- **WHAT TO WORK ON**:
Lines in the listing under this task are to be copied exactly.

- **DATA SHOWN**:
--- --- ---
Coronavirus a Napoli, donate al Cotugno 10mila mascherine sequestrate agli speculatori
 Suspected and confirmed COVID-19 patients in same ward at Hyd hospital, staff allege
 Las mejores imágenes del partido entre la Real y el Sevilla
--- --- ---
- **ANSWER TO THIS PROBLEM**:
Coronavirus a Napoli, donate al Cotugno 10mila mascherine sequestrate agli speculatori
 Suspected and confirmed COVID-19 patients in same ward at Hyd hospital, staff allege
 Las mejores imágenes del partido entre la Real y el Sevilla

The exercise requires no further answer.